Tuesday, 13 September 2022

Popular imagination likes its fast bowlers to be ale swilling extroverts

Man is born to trouble as the sparks fly upwards and John Augustine Snow, poet, thinker, introvert would surely be one of the last to disagree with the Old Arab proverb. Assaulted on the boundary edge of a great Test arena, dropped by his county for lack of effort, stood in a corner by England's selectors for barging over an Indian Test batsman at Lord's and while all this was swirling around him, writing and getting published a volume of poems -- controversy, thy name was Snow, in the early 1970's. Popular imagination likes its fast bowlers to be ale swilling extroverts, but this enigmatic cricketer refuses to be typed ... reading, music, painting, poetry are as necessary to him as food and fresh air ... He owes his inclusion in one of the most coveted sections of this Almanack to none of these things. He is here on naked merit, which first played a major part in bringing The Ashes back home to England after an absence of twelve years and then helped keep them here last summer. A haul of 55 wickets in two series against Australia is his passport to cricket immortality. 

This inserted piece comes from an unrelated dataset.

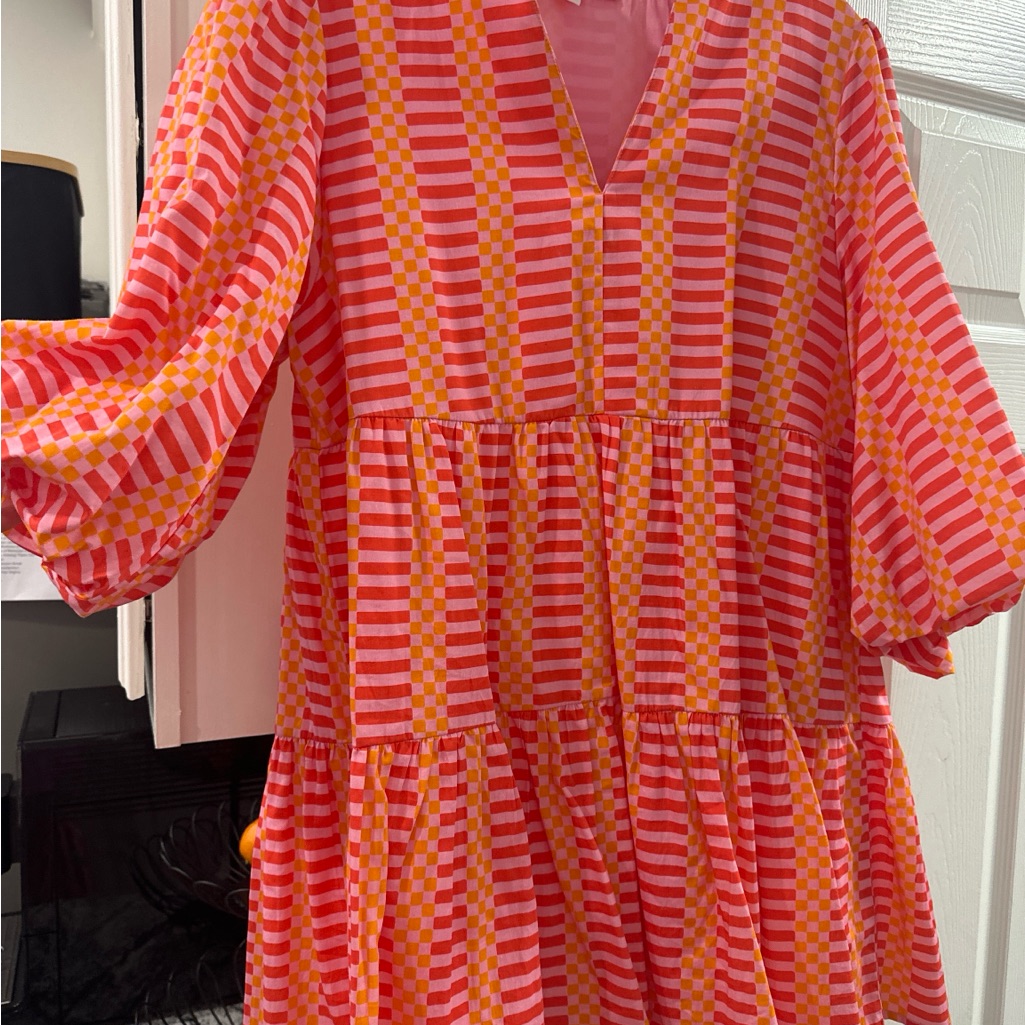 Vibrant Pink And Orange Kids Dress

B. Easterbrook, 'FIFTY YEARS AGO: John Snow', L. Booth (ed.), Wisden Cricketers' Almanack (2022), 1483

Looking up the original 1973 Cricketers of the year text, I discover this also brilliant anecdote: At the England team's Harrogate hotel during the fourth Test at Leeds last July, Basil d'Oliveira in an animated dinner table conversation said to him "The ultimate thing in life is to play for England." Snow replied quietly "The ultimate thing in life is death."